Minggu, 26 Juni 2011

Spiritualitas Bisnis


Oleh: A.M. Lilik Agung
Fenomena menarik yang akhir-akhir ini kita saksikan bersama adalah gairah para eksekutif bisnis untuk mengkaji nilai-nilai agama. Tempat-tempat ibadah dipenuhi para eksekutif. Kantor-kantor – tak peduli kantor
perusahaan lokal maupun multi nasional – membuka diri bagi eksekutifnya untuk mengembangkan dan mendiskusikan ajaran agama. Malah tidak sedikit para eksekutif menjadi aktivis ‘gerakan-gerakan’ ritual agama yang kini menjadi trend kembali, seperti tassawuf, sufi, karismatik bahkan New Age.
Maraknya para eksekutif kembali kepada ritual-ritual agama harus dipahami sebagai sebuah ekpresi kerinduan mereka untuk mengintegrasikan nilai-nilai etis, moral dan spiritual ke dalam lingkungan bisnisnya yang cenderung sekuler, ering dan materialistik. Memang pendapat minor mengemuka bahwa eksekutif mendalami ritual agama hanya sekedar topeng – terbukti dengan maraknya korupsi, manipulasi dan kolusi di
negeri ini – memang tidak seluruhnya dapat ditepis. Pertumbuhan tempat ibadah yang ekuivalen dengan pertumbuhan aktivitas korupsi, tak pelak menjadi ironi tersendiri di tengah keinginan untuk memperbaiki moral warga negara. Terlepas dari hukum paradoksal tersebut, gairah para eksekutif untuk mempelajari nilai-nilai agama patut untuk dicermati.

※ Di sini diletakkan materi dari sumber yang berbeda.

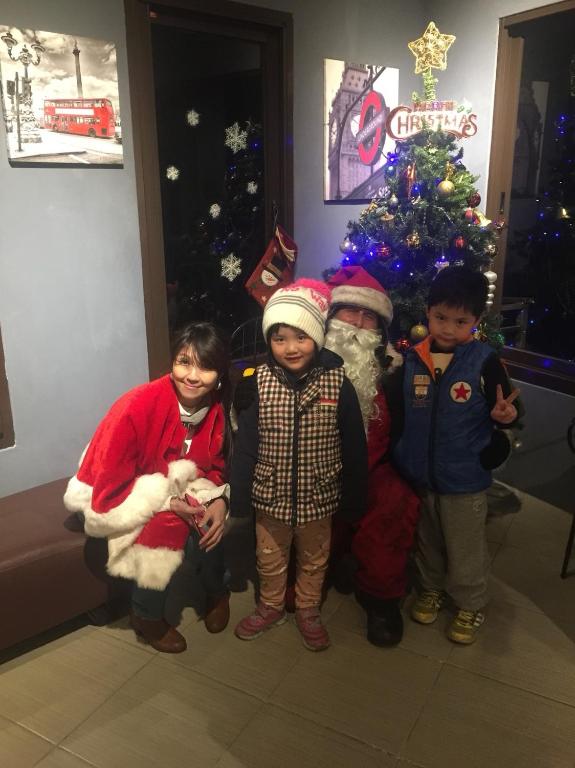 Děti v ubytování Yun Meng Xianjing Homestay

Ada dua pertanyaan yang muncul untuk mengkritisi fenomena ini. Apakah gairah tersebut cenderung sekedar mengikuti trend yang kelak akan hilang sendiri seperti trend dunia mode yang silih berganti? Atau lantaran para eksekutif muak melihat praktek bisnis di tanah air yang selama ini pekat dengan aroma KKN dan mereka ingin memasukkan unsur-unsur etika dalam berbisnis? Kalau yang muncul kepermukaan adalah pertanyaan pertama, maka pendapat minor tentang budaya topeng seperti tertulis di atas mendapat legitimasi. Sementara bila yang mencuat alasan kedua, maka kita patut bersyukur. Para eksekutif yang diyakini sebagai agen perubahan, menjadi motivator untuk menciptakan good corporate governance.

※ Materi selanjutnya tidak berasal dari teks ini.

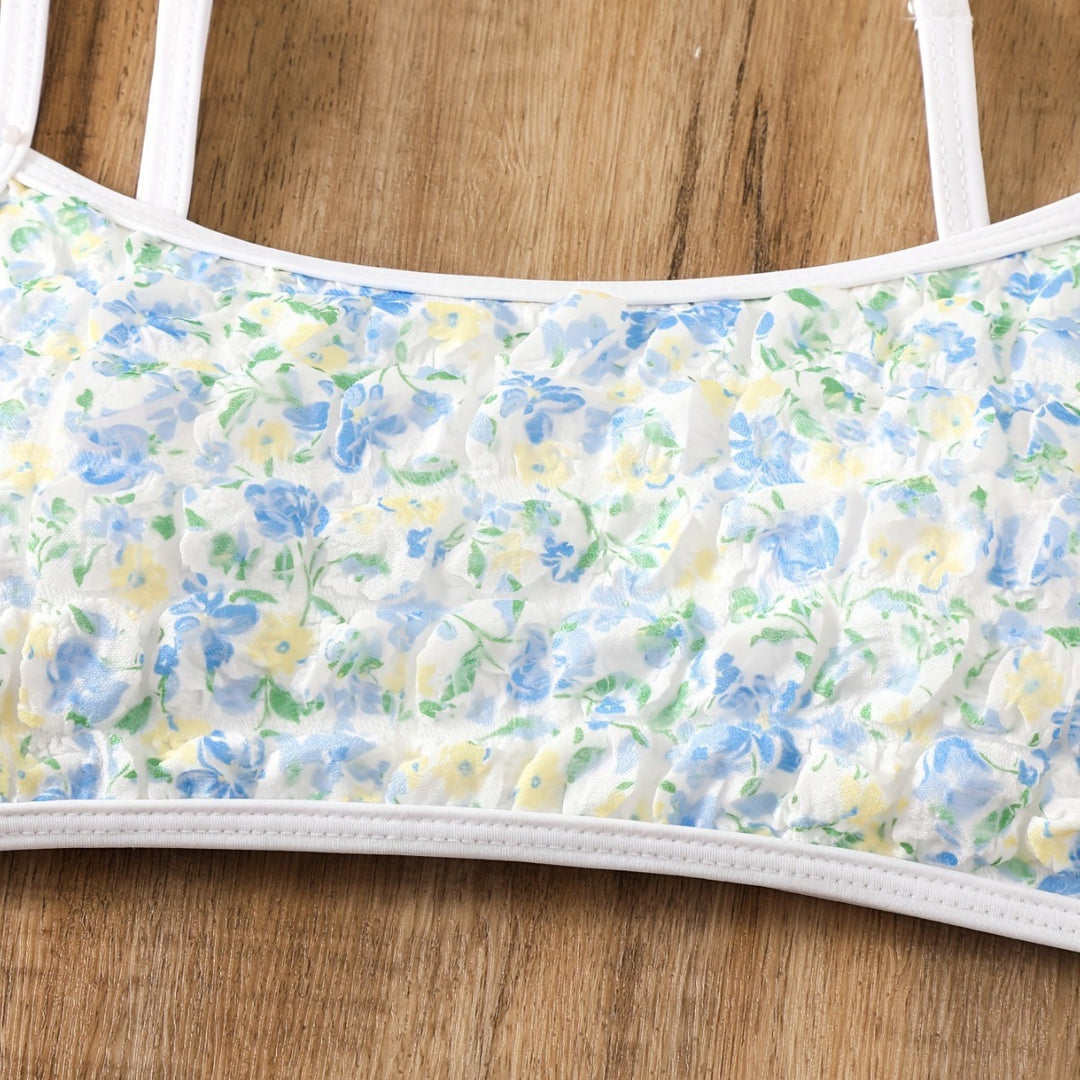Women's bikini set with elegant floral design Mune Fashion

Untuk sementara gairah eksekutif mendalami ritual agama kita pahami sebagai minat para eksekutif untuk mengembangkan bisnis yang berbasis moral dan profesional. Setelah lama dikungkung oleh budaya kerja yang menjauhkan diri dari nilai-nilai profesional, para eksekutif mulai membangun diri pribadinya dengan nuansa spiritual yang kelak mewarnai bisnis yang digelutinya. Dalam wacana kekinian, etos baru eksekutif ini disebut sebagai spiritualitas bisnis. Spiritualitas bisnis, seperti dari namanya, dibangun dari dua buah kata; spiritualitas dan bisnis. Spiritualitas sendiri menurut kamus Webster artinya attachment to religious values atau dapat pula berarti the state of being spiritual. Dalam komunitas kami, spiritualitas kami artikan sebagai rangkaian proses transendensi kehidupan hingga lebih berkarakter spiritual.

Berkarakter spiritual artinya mampu mentransendensikan materi. Nilai-nilai materi sudah melampui batas-batas normal menjadi nilai-nilai yang berkualitas non materi (spiritual) tanpa harus kehilangan karakter materinya. Jadi dalam konteks ini, karakter spiritual tida menentang atau mengharamkan materi.
Materi tetap diperlukan. Hanya saja materi tidak terbatas pada wujudnya, namun sudah bermain dalam tataran nilai spiritual, keadilan, dan kegunaan.
Transendensi yang artinya melampui batas-batas normal atau melampui pengetahuan biasa, memang menjadi kata kunci dari spiritualitas. Orang-orang yang memiliki spiritualitas dengan demikian orang-orang yang sudah mampu melakukan transendensi (pelampuan) terhadap batas-batas materi, ruang, waktu, lokalitas, pengetahuan dan pengalaman yang serba biasa, tanpa harus kehilangan karakter ‘biasa-nya’ itu. Dalam kaitan ini maka spiritualitas sekaligus mengandung makna menuju pada integrasi (kepaduan) dan holisme (keutuhan).
Juga boleh dikatakan lawan dari spiritualitas adalah reduksionisme dan sektarianisme.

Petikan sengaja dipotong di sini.